- WORK INSTRUCTIONS -
Each entry is to be given again word for word; images are dropped.

Entries taken from a collection
========

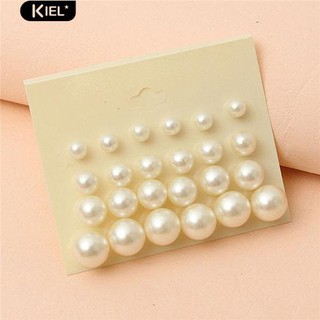 Kiel 12 คู่แฟชั่น Party Ear Studs สร้อยคอต่างหู Faux Pearl กลมตั้งเครื่องประดับ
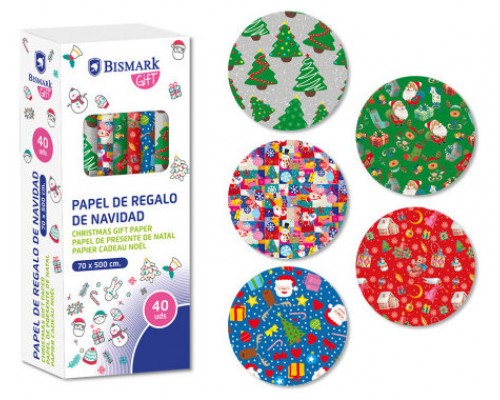 PAPEL DE REGALO NAVIDAD JUGUETES 70X500 CM BISMARK 332996 (MIN40) (Espera 4 dias)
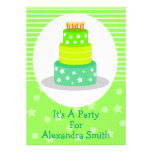 Green Birthday Cake Birthday Party Invitations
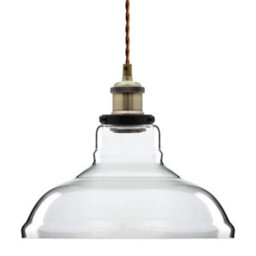 Long Life Lamps Company Vintage Glass Shade Pendant Antique Brass Hanging Ceiling Light M007 - thumbnail 5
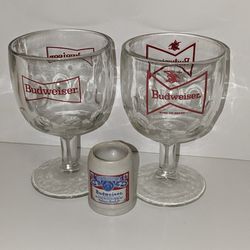 Budweiser Glasses and Mini Mug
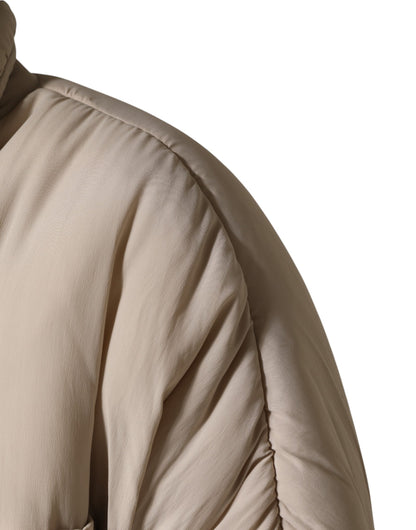 Beige Padded Collared Long Trench Coat Jacket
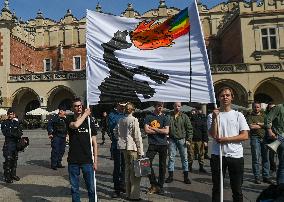 Nationalist Protest In Krakow's Main Market Square Targets LGBTQ Community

========

- TASK SOLUTION -
 Kiel 12 คู่แฟชั่น Party Ear Studs สร้อยคอต่างหู Faux Pearl กลมตั้งเครื่องประดับ
 PAPEL DE REGALO NAVIDAD JUGUETES 70X500 CM BISMARK 332996 (MIN40) (Espera 4 dias)
 Green Birthday Cake Birthday Party Invitations
 Long Life Lamps Company Vintage Glass Shade Pendant Antique Brass Hanging Ceiling Light M007 - thumbnail 5
 Budweiser Glasses and Mini Mug
 Beige Padded Collared Long Trench Coat Jacket
 Nationalist Protest In Krakow's Main Market Square Targets LGBTQ Community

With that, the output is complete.